I am new to python and havent found anything which suggests this is probably dead easy.
The page I am scrapping is fairly simple but it completely updates every 2 minutes. I have managed to scrap all the data, but the issue is that even though the program runs every 2 minutes (I have tried through taskeng.exe and looping in the script), the html it is pulling from the website seems to refresh every 12 minutes. For the sake of clarity, the website I am scrapping has a time stamp when it updates. My program pulls that stamp (along with other data) and writes to a csv file. But its pulling the same data for 12 minutes and then suddenly the data arrives. So the output looks like:
16:30, Data1, Data2, Data3
16:30, Data1, Data2, Data3
...
16:30, Data1, Data2, Data3
16:42, Data1, Data2, Data3
16:42, Data1, Data2, Data3
where as it should be:
16:30, Data1, Data2, Data3
16:32, Data1, Data2, Data3
16:34, Data1, Data2, Data3
16:36, Data1, Data2, Data3
16:38, Data1, Data2, Data3
16:40, Data1, Data2, Data3
16:42, Data1, Data2, Data3
I think this has to do with the cache on myside. How can I force my http requests to completely refresh or force python to not store it in the cache?
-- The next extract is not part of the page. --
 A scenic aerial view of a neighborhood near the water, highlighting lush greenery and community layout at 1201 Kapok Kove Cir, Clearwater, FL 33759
I am using BeautifulSoup and Mechanize. My code for the http request is below:
mech = Browser()
url = "http://myurl.com"
page = mech.open(url)
html = page.read()
soup = BeautifulSoup(html)
If it helps to post all my code, I can do that. Thanks in advance for any advice
You could use a simpler tool like
requests.But if you really want to stick with mechanize you can also skip the Browser() stuff (which is probably introducing cookies into your requests). Check the mechanize docs for more details.